• **Records supplied**:

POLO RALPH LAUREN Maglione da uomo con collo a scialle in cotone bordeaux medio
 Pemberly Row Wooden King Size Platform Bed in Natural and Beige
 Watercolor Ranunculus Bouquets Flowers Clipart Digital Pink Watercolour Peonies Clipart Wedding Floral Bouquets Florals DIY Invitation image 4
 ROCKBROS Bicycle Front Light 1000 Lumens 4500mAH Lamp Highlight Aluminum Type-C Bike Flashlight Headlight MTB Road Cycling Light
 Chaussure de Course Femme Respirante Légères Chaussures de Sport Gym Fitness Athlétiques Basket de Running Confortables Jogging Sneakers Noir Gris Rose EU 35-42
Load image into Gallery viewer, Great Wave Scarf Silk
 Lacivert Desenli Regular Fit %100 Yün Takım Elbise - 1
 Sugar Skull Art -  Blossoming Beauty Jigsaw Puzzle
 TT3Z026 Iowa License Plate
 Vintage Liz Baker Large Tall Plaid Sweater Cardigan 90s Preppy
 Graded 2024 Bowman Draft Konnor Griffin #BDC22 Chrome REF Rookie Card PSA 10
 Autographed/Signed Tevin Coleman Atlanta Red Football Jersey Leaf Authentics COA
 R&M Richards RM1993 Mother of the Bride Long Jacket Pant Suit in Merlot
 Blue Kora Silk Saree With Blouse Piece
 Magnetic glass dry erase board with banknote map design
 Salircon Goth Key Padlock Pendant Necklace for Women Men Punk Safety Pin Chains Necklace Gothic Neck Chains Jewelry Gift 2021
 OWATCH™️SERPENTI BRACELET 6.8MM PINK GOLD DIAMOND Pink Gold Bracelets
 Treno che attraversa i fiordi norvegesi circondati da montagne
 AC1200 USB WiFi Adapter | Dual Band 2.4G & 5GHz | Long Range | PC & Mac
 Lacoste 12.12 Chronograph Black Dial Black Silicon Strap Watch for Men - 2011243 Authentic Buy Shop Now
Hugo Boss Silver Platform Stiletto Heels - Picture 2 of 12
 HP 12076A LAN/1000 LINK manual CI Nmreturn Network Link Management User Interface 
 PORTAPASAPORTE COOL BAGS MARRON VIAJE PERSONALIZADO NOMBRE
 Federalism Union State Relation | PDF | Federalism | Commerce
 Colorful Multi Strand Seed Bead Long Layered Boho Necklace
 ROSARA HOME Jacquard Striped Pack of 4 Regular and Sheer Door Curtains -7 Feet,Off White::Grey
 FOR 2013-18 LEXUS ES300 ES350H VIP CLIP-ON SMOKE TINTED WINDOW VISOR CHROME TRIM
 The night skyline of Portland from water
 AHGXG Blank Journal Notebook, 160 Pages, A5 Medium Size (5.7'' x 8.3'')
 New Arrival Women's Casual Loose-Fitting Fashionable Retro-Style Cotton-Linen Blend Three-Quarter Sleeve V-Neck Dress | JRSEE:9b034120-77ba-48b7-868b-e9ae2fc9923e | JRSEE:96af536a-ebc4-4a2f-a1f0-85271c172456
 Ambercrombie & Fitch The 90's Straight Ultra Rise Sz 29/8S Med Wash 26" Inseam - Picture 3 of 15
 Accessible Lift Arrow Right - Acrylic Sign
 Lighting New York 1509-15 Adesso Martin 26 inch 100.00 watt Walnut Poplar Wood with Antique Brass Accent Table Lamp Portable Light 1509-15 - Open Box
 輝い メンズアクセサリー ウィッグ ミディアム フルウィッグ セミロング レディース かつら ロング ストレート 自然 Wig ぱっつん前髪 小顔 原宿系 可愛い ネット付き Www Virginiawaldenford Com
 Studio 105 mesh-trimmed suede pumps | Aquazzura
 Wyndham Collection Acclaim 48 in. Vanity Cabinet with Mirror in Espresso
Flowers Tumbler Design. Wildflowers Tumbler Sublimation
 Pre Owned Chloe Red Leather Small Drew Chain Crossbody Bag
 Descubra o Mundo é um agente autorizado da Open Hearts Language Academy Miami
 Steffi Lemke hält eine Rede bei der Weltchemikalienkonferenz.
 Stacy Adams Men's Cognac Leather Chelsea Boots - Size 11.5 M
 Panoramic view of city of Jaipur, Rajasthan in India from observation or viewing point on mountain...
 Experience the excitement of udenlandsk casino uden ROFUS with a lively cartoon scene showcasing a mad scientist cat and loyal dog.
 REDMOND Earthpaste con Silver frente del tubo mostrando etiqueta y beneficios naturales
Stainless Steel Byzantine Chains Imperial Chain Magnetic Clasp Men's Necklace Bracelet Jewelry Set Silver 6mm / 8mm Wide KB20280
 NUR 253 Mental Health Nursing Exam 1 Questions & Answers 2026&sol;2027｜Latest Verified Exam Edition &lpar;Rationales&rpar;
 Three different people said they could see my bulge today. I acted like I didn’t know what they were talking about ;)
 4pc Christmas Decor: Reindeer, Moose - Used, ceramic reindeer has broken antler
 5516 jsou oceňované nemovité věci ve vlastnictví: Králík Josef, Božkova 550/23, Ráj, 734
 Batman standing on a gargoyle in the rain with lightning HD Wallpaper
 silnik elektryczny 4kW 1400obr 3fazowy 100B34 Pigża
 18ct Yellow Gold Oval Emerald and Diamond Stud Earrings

• **Work instructions**: In the records above, collect each line with "Silver".

• **Written reply**:
Hugo Boss Silver Platform Stiletto Heels - Picture 2 of 12
 REDMOND Earthpaste con Silver frente del tubo mostrando etiqueta y beneficios naturales
Stainless Steel Byzantine Chains Imperial Chain Magnetic Clasp Men's Necklace Bracelet Jewelry Set Silver 6mm / 8mm Wide KB20280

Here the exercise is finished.